Swap rates have jumped higher recently on fears of less central bank support. The announcement by the Federal Reserve Chairman that the US would reduce support for the mortgage bond market over this year and into 2014 was the catalyst for jitters in global financial markets.


Strong support from central banks over the downturn has ensured low interest rates to the benefit of all types of borrower – corporate, household and Government.

There is a fast emerging debate about the need to reduce the scale of support and the impacts this might have on the profile of future economic recovery.

The near term impact of higher swap rates needs to be considered from both a borrower and lender perspective.

On the borrower side, the question is over the scale and timing of upward re-pricing of fixed rate mortgages and the impact on demand for mortgages.

Fixed mortgage rates have been on a steady decline and stood at an average of 3.46 per cent in April.

This decline in rates has been matched by an increase in the take-up of fixed rate mortgages.

Three years ago less than half of all mortgages were at fixed rates and this has grown consistently to stand at over 70 per cent today.

A change in pricing relative to floating rates could impact take-up of fixed rate deals but it is unlikely to be significantly unless there was a more substantial increase in the mortgage rate which seems unlikely at present.

Mortgage rates remain very attractive to borrowers and support for the market is set to remain in the near term.

From a lender perspective, market based pressures on funding costs for fixed rate mortgages will be muted while the Funding for Lending Scheme remains in place.
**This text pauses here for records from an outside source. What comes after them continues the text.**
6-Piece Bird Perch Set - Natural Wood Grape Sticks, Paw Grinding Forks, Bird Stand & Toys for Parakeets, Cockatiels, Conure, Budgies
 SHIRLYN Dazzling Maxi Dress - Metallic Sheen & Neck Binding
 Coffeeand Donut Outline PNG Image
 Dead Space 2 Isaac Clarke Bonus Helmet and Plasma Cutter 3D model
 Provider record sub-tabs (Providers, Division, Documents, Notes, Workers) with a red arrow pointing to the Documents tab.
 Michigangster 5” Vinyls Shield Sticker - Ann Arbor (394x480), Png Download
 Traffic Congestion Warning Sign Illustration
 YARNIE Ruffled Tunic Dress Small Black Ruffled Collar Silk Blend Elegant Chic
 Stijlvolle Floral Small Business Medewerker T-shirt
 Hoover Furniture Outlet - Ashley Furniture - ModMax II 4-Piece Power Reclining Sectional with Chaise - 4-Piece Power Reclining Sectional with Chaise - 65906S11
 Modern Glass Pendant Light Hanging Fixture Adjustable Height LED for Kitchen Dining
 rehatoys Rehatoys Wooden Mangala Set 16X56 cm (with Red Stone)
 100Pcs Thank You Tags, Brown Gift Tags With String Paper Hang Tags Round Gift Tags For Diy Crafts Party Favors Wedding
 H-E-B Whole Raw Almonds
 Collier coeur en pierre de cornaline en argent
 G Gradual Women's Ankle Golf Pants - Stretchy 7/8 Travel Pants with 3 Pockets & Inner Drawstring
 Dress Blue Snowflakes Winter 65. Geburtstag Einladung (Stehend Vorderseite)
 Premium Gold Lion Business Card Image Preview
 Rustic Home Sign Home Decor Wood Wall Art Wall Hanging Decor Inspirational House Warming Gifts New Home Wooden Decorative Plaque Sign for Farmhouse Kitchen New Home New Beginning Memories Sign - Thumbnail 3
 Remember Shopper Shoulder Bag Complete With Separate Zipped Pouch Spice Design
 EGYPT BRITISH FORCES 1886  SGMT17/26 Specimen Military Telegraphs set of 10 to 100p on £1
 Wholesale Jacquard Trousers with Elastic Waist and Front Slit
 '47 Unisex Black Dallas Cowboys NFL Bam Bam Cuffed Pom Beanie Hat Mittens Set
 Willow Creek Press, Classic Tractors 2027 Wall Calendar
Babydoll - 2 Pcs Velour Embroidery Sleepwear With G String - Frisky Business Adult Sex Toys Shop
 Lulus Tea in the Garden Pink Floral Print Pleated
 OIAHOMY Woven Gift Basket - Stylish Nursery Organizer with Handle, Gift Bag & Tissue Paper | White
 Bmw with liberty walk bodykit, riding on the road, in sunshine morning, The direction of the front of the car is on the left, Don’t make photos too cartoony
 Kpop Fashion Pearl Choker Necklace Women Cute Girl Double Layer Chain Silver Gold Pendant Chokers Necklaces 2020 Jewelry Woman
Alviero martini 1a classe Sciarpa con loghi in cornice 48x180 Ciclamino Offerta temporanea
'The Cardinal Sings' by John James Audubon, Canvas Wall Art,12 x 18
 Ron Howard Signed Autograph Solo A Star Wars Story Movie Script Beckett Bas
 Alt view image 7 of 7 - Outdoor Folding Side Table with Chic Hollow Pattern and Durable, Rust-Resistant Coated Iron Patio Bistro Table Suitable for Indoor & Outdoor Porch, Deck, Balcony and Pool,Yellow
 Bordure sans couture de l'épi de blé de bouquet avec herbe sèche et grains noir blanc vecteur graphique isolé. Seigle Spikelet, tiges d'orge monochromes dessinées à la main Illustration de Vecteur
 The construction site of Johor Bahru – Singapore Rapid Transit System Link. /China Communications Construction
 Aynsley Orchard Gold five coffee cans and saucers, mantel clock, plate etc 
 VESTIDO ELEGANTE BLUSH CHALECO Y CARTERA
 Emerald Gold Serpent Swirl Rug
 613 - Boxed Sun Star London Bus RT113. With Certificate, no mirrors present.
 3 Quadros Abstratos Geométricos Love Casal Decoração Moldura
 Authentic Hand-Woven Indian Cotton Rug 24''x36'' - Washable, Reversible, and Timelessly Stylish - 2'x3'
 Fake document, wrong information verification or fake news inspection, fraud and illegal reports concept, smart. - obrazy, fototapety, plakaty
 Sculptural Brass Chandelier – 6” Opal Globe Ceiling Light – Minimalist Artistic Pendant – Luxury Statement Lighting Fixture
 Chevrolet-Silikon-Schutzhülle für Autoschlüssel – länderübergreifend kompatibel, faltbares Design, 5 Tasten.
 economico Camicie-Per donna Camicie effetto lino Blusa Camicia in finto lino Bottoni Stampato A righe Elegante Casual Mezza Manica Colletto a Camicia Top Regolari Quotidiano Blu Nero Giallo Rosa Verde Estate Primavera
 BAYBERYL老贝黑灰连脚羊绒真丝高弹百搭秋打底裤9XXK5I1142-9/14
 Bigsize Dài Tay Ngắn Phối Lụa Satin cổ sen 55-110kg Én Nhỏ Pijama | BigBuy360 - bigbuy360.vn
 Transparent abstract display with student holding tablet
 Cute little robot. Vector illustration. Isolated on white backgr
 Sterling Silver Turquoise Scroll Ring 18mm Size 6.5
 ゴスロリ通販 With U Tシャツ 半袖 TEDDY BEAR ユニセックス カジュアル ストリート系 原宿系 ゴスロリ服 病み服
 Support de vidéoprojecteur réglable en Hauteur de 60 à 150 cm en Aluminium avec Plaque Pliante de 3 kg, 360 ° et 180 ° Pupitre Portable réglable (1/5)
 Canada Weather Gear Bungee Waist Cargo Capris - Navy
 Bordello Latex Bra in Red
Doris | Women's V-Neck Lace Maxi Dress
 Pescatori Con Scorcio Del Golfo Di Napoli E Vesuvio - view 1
Higher funding costs for fixed rates might drive greater use of FLS in the short term.

Looking further ahead, a sustained increase in swap rates over the next 18 months, until FLS ends, will leave lenders facing a large step up in funding costs. Just as standard variable rates have risen over the past 18 months in line with overall bank funding costs, so higher swap rates will increase the pressure to raise SVRs.

Although the jump in swap rates may turn out to be a short term blip, looking further ahead, it brings into focus the challenge of how the industry manages the transition away from Central Bank support to market based funding .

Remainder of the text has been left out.